WHAT IS BEING ASKED
Exactly the lines from the one containing "Meiyuan midi long" through the one containing "BOGAR TECH DESIGNS" in the listing below are to be copied, with the pictures left out.

RECORDED DATA
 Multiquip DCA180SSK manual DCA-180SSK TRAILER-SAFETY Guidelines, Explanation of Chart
==
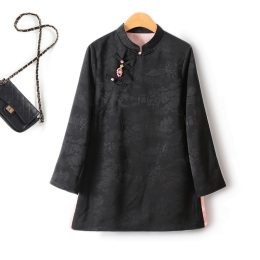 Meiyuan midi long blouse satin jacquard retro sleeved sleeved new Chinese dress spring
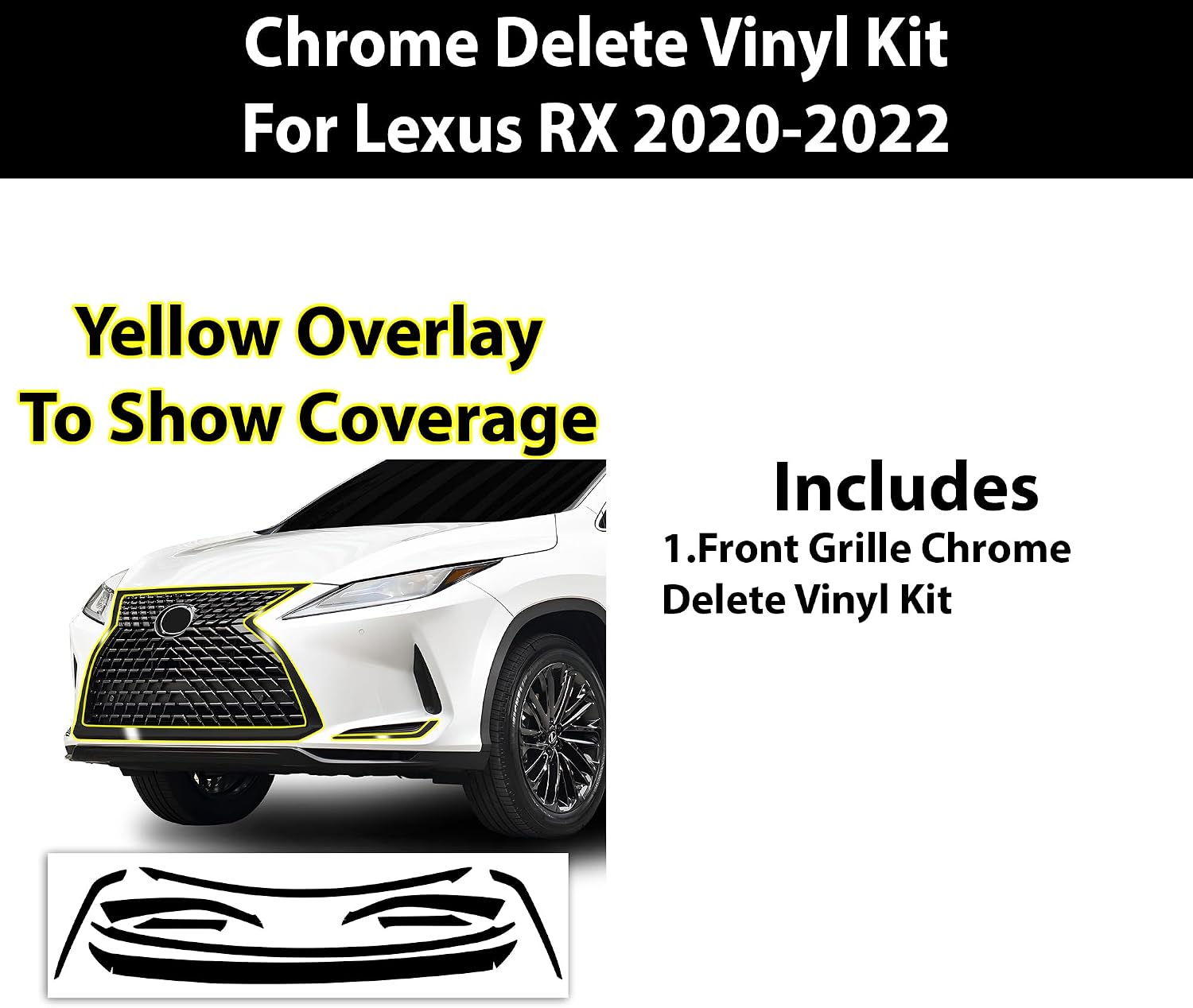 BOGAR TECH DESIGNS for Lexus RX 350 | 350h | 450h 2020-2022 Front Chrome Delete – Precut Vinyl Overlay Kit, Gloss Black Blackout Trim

REPLY
 Meiyuan midi long blouse satin jacquard retro sleeved sleeved new Chinese dress spring
 BOGAR TECH DESIGNS for Lexus RX 350 | 350h | 450h 2020-2022 Front Chrome Delete – Precut Vinyl Overlay Kit, Gloss Black Blackout Trim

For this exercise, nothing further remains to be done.